Exercise data:
● ● ●

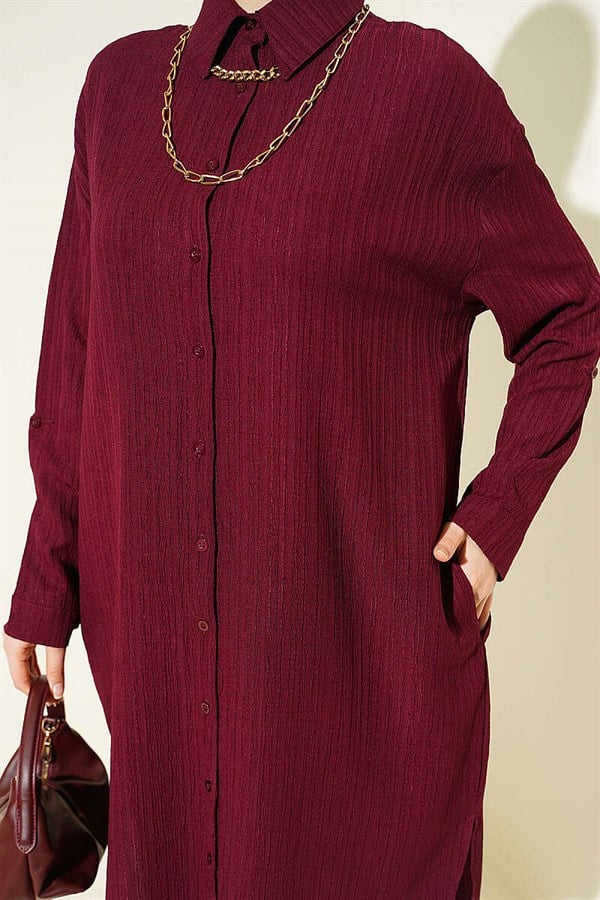 Long Loose-Fitting Shirt with Pockets and Tree Bark Pattern, Plum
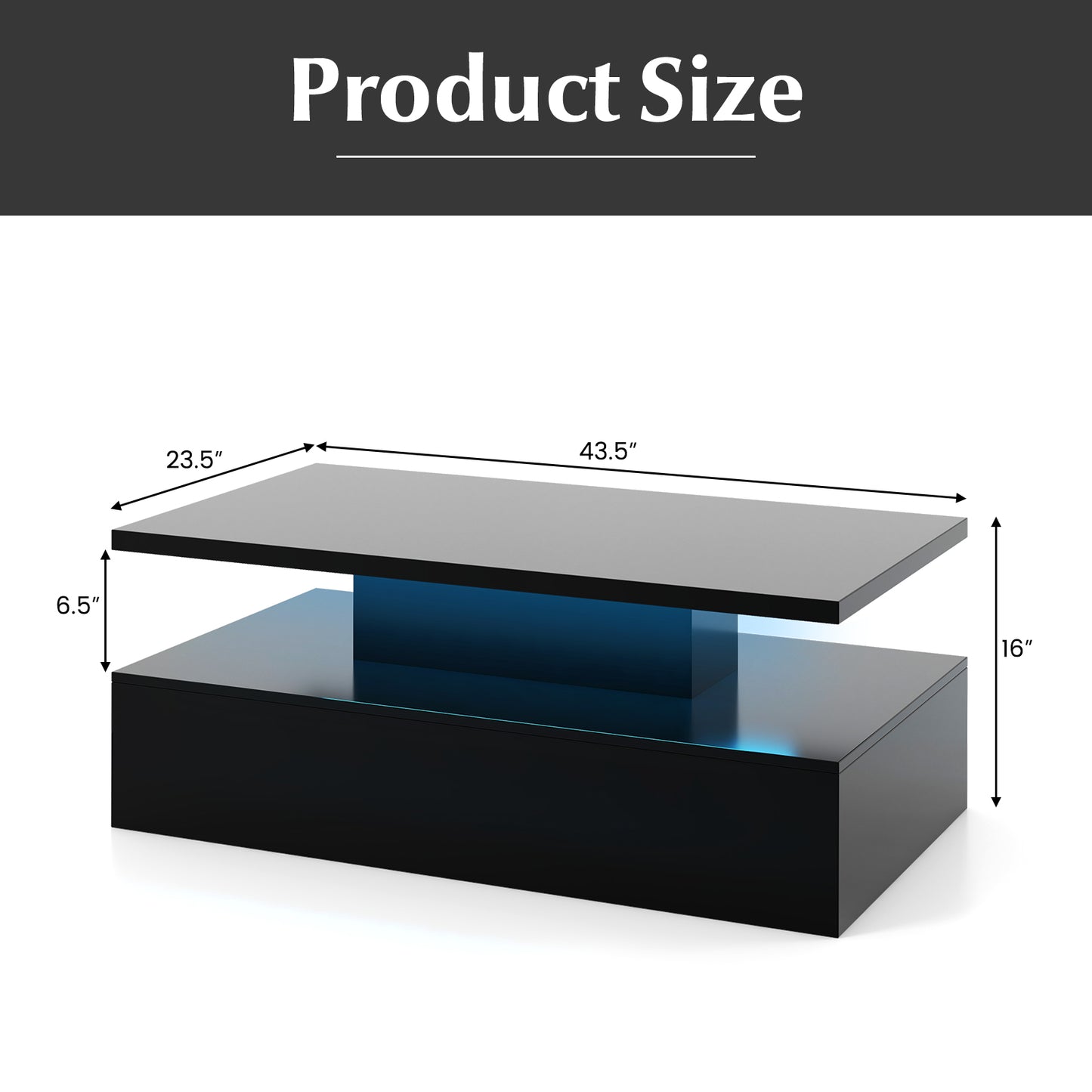 Modern 2-tier High Glossy Table with Adjustable Light Colors for Living Room-Black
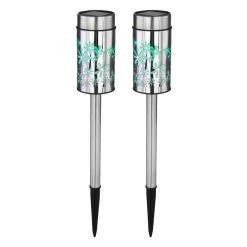 Globo 2er Set Solarleuchte LED Edelstahl, 2-flammig, Farbwechsler -Günstiges Wegeleuchten Geschäft globo 2er set solarleuchte 33574 2 2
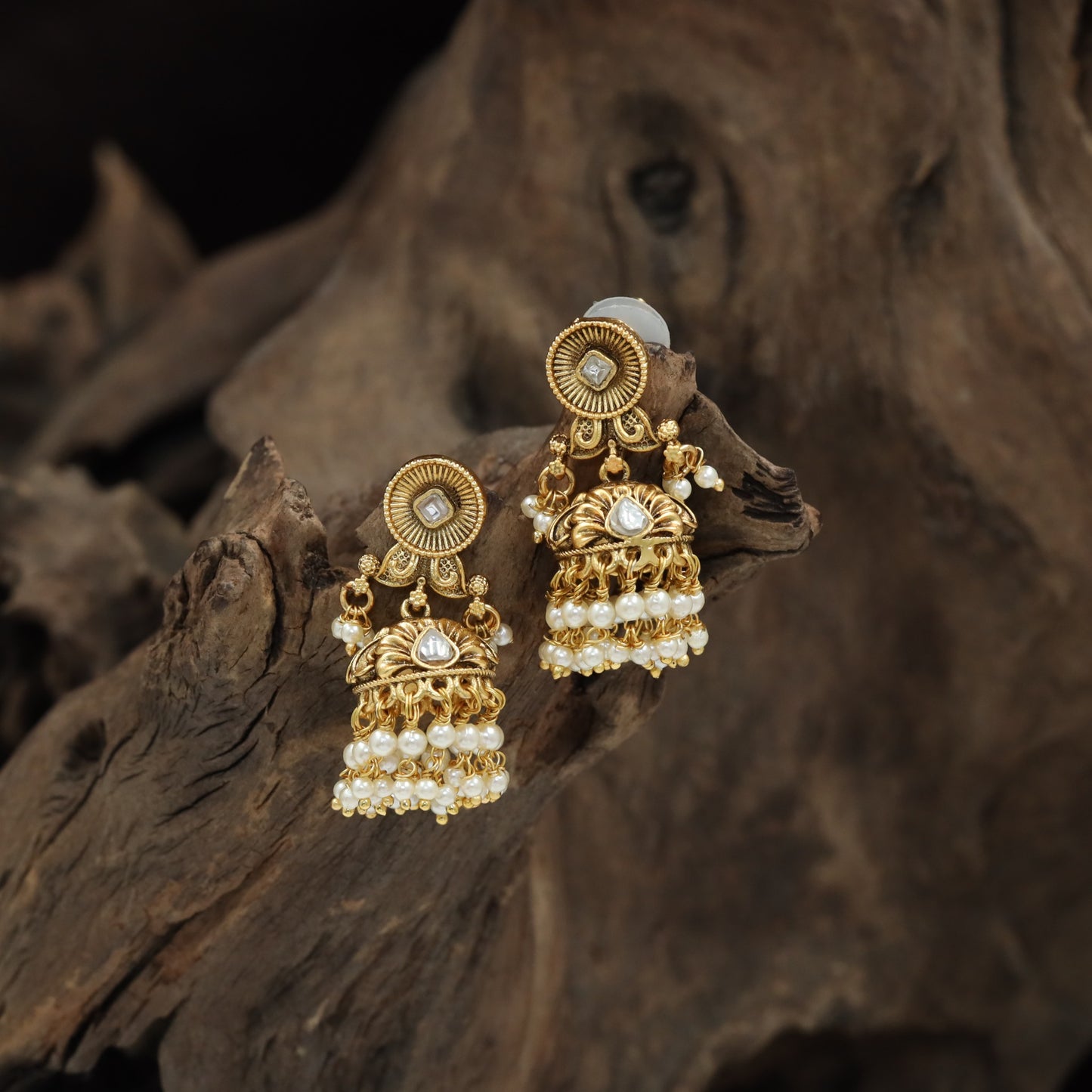 Antique Jumka with Radiant Circular Stud and Ornate Dome Design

● ● ●

About this task: Return the listing above word for word. Keep the images out.

Response to this exercise:
 Long Loose-Fitting Shirt with Pockets and Tree Bark Pattern, Plum
 Modern 2-tier High Glossy Table with Adjustable Light Colors for Living Room-Black
 Globo 2er Set Solarleuchte LED Edelstahl, 2-flammig, Farbwechsler -Günstiges Wegeleuchten Geschäft globo 2er set solarleuchte 33574 2 2
 Antique Jumka with Radiant Circular Stud and Ornate Dome Design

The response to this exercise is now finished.